Литмир - Электронная Библиотека
Содержание  
A
A

Предполагают, что уже тогда на этом месте стоял деревянный храм, поскольку и в XIV столетии Тимофеевские ворота иногда звались Константино-Еленинскими. Летописцами церковь Константина и Елены впервые упоминается в связи с пожаром 1 августа 1470 года и последующим восстановлением. Некоторые исследователи считают, что храм уже тогда мог быть каменным. Он возобновлялся и в 1530-х годах великой княгиней Еленой Глинской, матерью Ивана Грозного. На кремлевском чертеже 1600-х годов на Подоле показаны и деревянный восьмигранный храм, и каменная одноглавая церковь с тремя апсидами, крыльцом с южной стороны и щипцовым завершением фасадов. Однако на плане Москвы М. Мериана (1643) изображена лишь восьмигранная деревянная церковь.

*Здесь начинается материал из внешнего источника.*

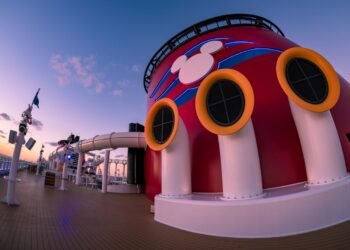 20% Off Sale on Disney Cruise Line Make a selection Spring & Summer time 2026 Sailings + $250 Onboard Credit score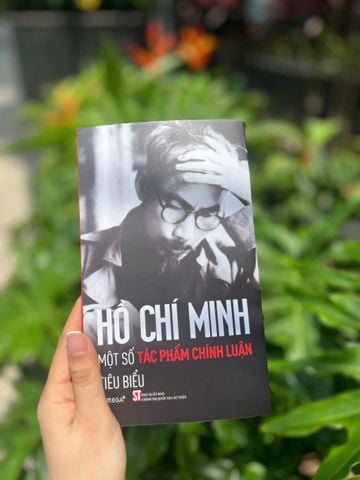  Hồ Chí Minh - Một Số Áng Văn Chính Luận Tiêu Biểu - Hồ Chí Minh 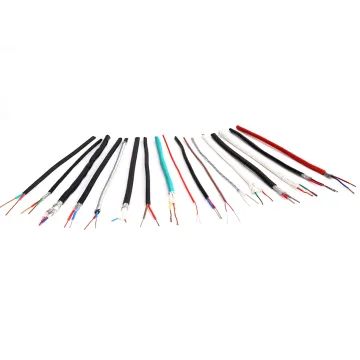 thermocouple extension wire type k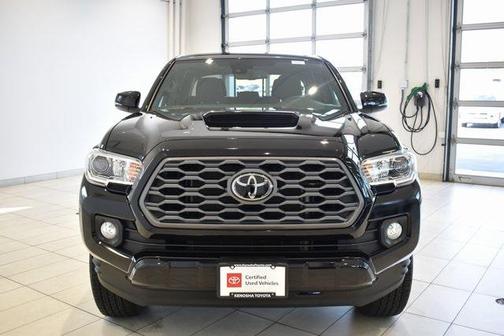 2022 Toyota Tacoma TRD Sport
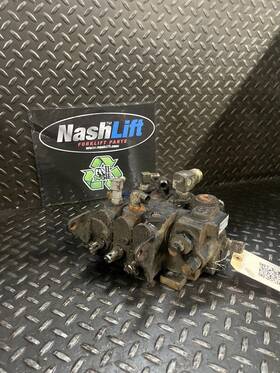 9099166 Yale Hydraulic Control Valve Fits Good Used Hbc1 128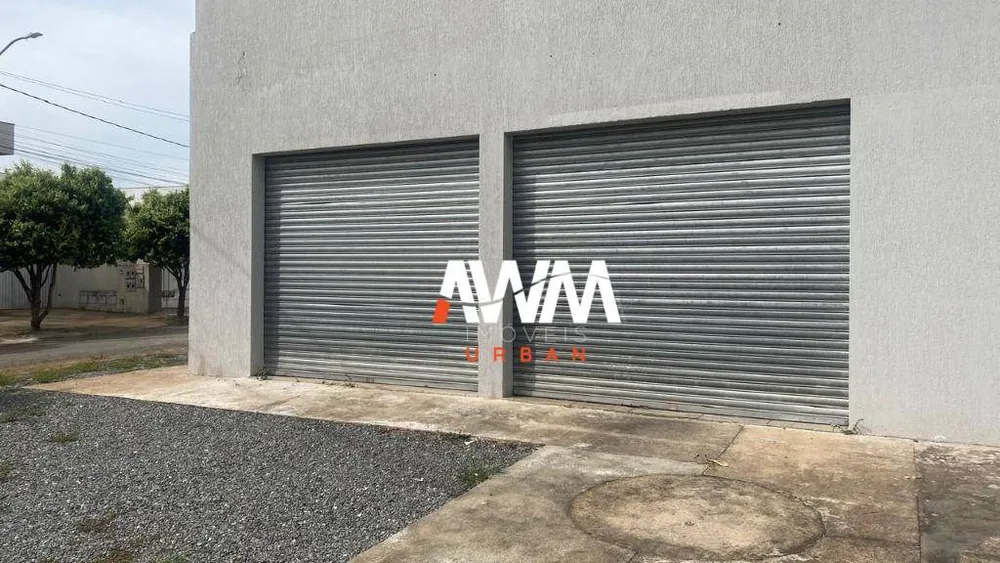 Loja-Salão, 80 m² - Foto 2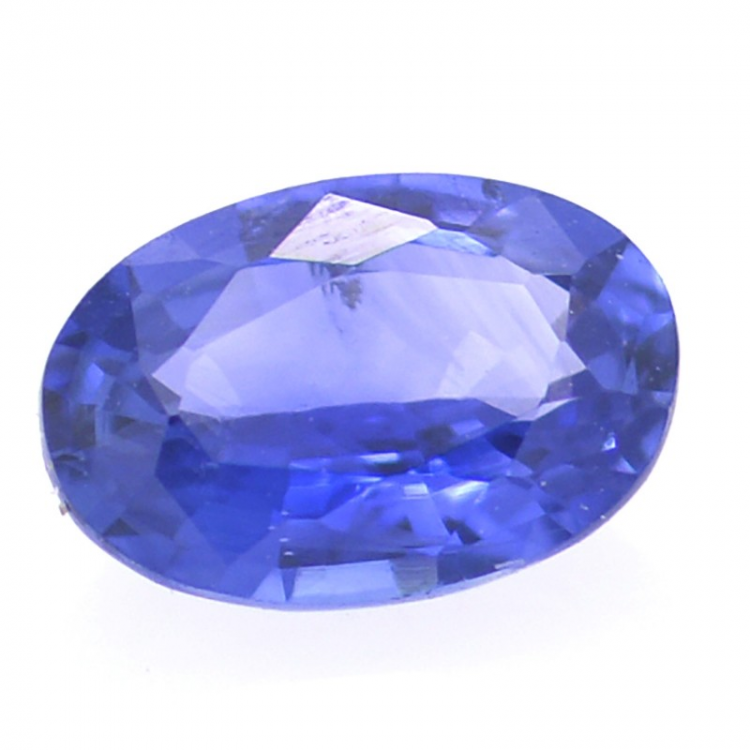 0.51ct Sapphire Oval Cut 5,76x3,96mm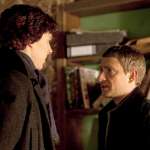 Benedict Cumberbatch, Martin Freeman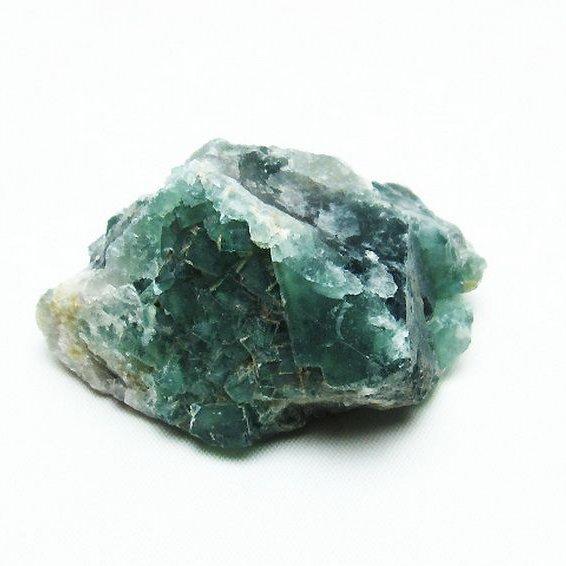 フローライト 原石 t750-4095 : 誠安天然石専門店 - 通販 - Yahoo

И. Е. Забелин пишет, что церковь была деревянной до 1651 года, а «в этом году было повелено соорудить ее каменную, но исполнилось ли это повеление, неизвестно». Дореволюционные справочники датируют храм 1651 годом, указывая, что соорудил его боярин Илья Милославский, отец царицы Марии Ильиничны. К концу XVII века церковь уже была, во всяком случае, выстроена в камне: в 1692 году она была «возобновлена» на средства царицы Натальи Кирилловны Нарышкиной и царевича Алексея Петровича, матери и сына Петра I. 4 декабря 1692 года храм освятил патриарх Адриан. Весьма любопытно и то, что церковь пользовалась покровительством цариц и их родственников, и то, что заботились о ней в разное время Милославские и Нарышкины, представители двух соперничавших кланов, родственников первой и второй жен царя Алексея Михайловича. Возможно, соперничество проявилось и в заботах о храме: церковь, выстроенную Милославскими, обновила и переосвятила Нарышкина.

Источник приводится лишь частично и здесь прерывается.